The interview is an uneven stage
Two candidates can have similar ability and leave an interview with very different outcomes. One has learned how to structure an example, translate experience into evidence and recover when a question is unexpected. The other is encountering those demands for the first time while being evaluated.
That difference is often described as confidence, but confidence is partly the result of exposure. Candidates with access to mentors, professional networks and career services can rehearse. Many others prepare by reading lists of common questions and hoping the real conversation resembles them.
Iris is being developed as an AI-powered job interview simulation platform for African talent. It is intended to provide repeatable practice, role-aware questions and structured reflection so that candidates can improve how they communicate what they know. It cannot guarantee a job, and it should never pretend to. Its job is to make meaningful preparation more widely available.
Practice does not manufacture talent. It helps talent become legible.
A young labour market under pressure
The International Labour Organization reported that 21.9% of young people in Sub-Saharan Africa were not in employment, education or training in 2023, above the global rate of 20.4%. The regional youth unemployment rate was 8.9%, but unemployment alone understates the challenge because many young people cannot afford to remain actively unemployed and instead enter low-productivity or insecure work.
The pressure is also gendered. The ILO estimated a 27% NEET rate for young women in Sub-Saharan Africa in 2023, compared with a much lower rate among young men. Access to networks, transport, digital tools and unpaid preparation time all shape who can compete for opportunity.
Meanwhile, the skills expected by employers are changing. World Bank reporting cites estimates that more than 230 million jobs in Sub-Saharan Africa will require digital skills by 2030. Research on vacancies has found that nearly 65% of jobs African employers were trying to fill required at least basic digital skills. Interview preparation must therefore help candidates explain both technical capability and the transferable skills required in digitally enabled work.
What a good simulation should teach
An effective interview simulator should do more than ask generic questions. It should help a user understand the purpose behind a question, practise retrieving a relevant example and organise an answer with enough detail to be credible. Feedback should be specific: where the answer lacked evidence, where it wandered, and where a result could have been quantified.
Iris is being shaped around role-aware practice. A graduate entering customer operations needs different questions from a project manager, software engineer or sales lead. The simulation should adapt to experience level rather than reward a single professional speaking style.
Repeated sessions matter because improvement is behavioural. A candidate may understand that answers should be concise and still struggle to do it under pressure. Practice makes the pause, structure and recall feel more familiar. Progress can be shown through clarity, relevance, completion and self-reflection, not through a mysterious score that claims to predict employability.
AI must not become a new gatekeeper
Interview technology can reproduce unfairness if it treats accent, eye contact, speaking speed or physical expression as universal evidence of competence. Those signals are shaped by culture, disability, language and personality. Iris should avoid pseudo-scientific claims about emotion or character and focus feedback on content that a candidate can understand and use.
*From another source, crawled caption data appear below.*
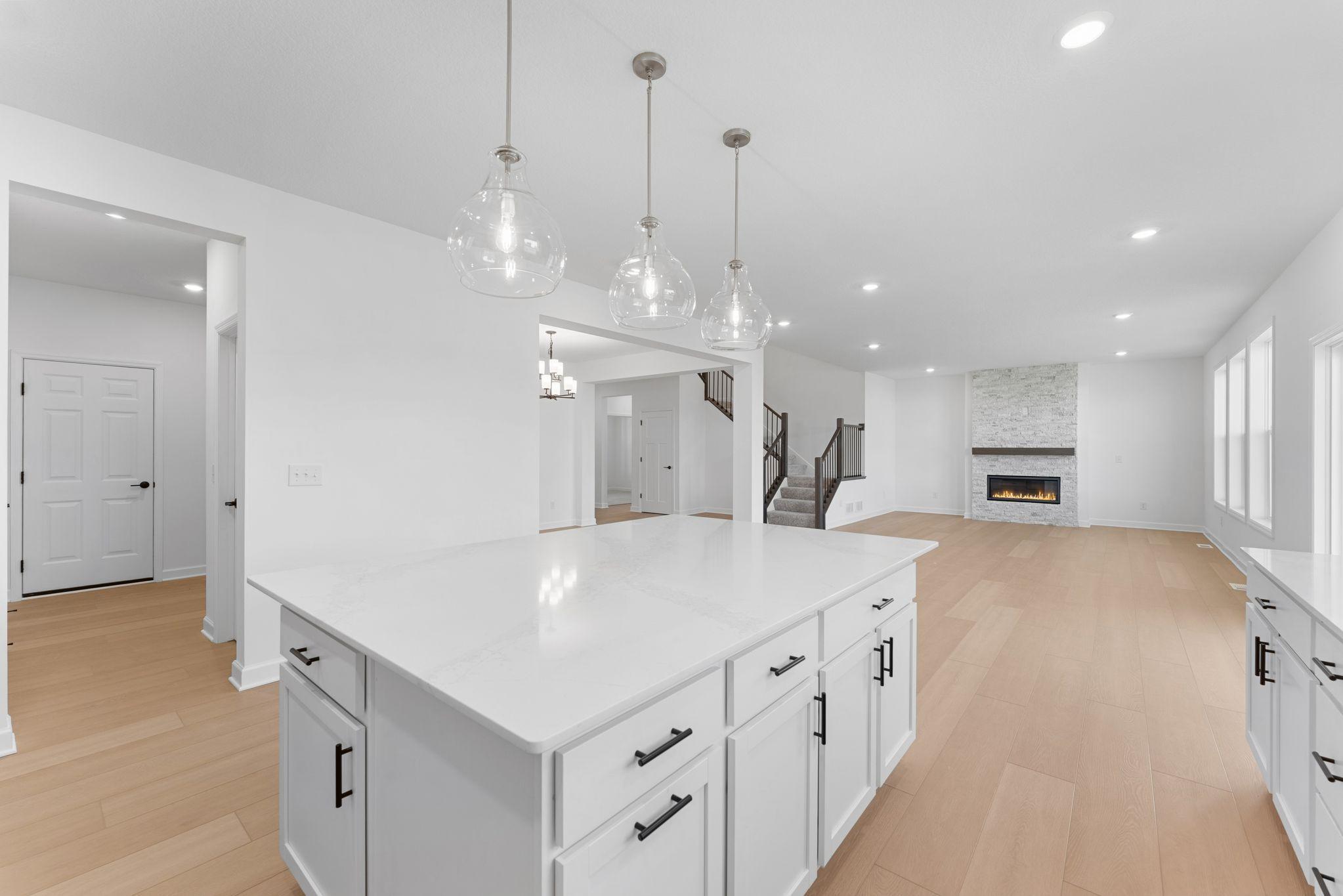 The center island is versatile and ready for preparing home-cooked meals or hosting multiple guests at the breakfast bar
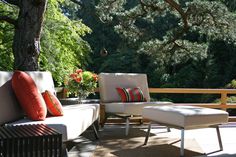 two chairs and a couch on a patio with trees in the backgrouf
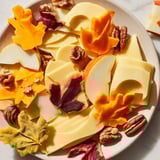 A beautiful display of Thanksgiving Leaf Fall, cheese and crackers arranged like falling autumn leaves.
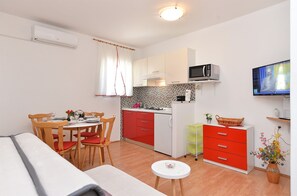 Standard Apartment, 1 Bedroom (358/827) | Living area | TV - Apartment 358 (Porec)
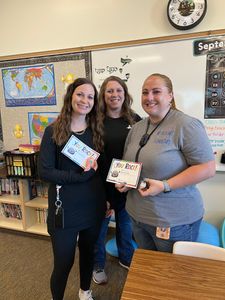 Three smiling people holding gift boxes in a classroom with a world map and wall clock.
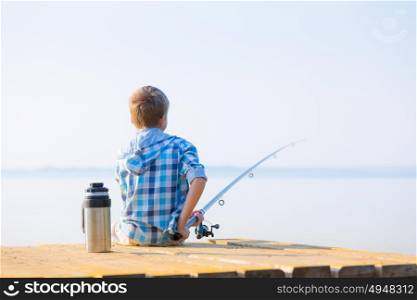 Boy in blue shirt sit on a pie. Boy in blue shirt sit on a pier with a fishing rod by the sea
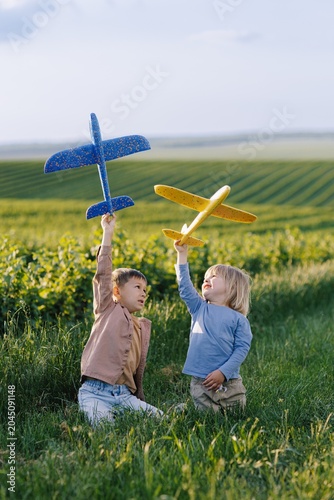 Children playing with toy gliders in green field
Privacy also matters. Practice answers can contain employment history, personal ambitions and sensitive experiences. Users should know what is stored, how long it is retained and whether their data is used to improve models. A career product earns trust by giving the candidate control.
Accessibility is equally central. Sub-Saharan Africa had 27% mobile-internet penetration in the GSMA's 2024 regional reporting. A useful product should account for variable bandwidth, mobile devices and the cost of repeated video sessions. Audio and text practice can sometimes create more access than insisting on high-definition video.
Measuring preparation honestly
The strongest proof for Iris will not be the number of questions generated. It will be whether users return to practise, complete more sessions, improve the structure of their answers and report greater readiness. Over time, optional outcome tracking could examine progression to interviews and offers, while recognising that hiring outcomes depend on many factors outside the product.
Partnerships with universities, training programmes and employers could also make simulations more relevant. Career centres can identify where students struggle. Employers can clarify the skills a role genuinely requires. Candidates must remain the primary beneficiaries rather than becoming a source of opaque behavioural data.
A fairer beginning to the conversation
Africa's employment challenge cannot be solved by interview preparation alone. Economies must create more productive jobs, education must connect more closely to demand and employers must improve how they assess potential. Iris addresses a narrower but real part of the system: candidates deserve a place to practise before one conversation carries so much weight.
When practice becomes accessible, more people can enter an interview familiar with the format and clearer about their own evidence. That does not erase inequality. It gives talent a stronger chance to be heard.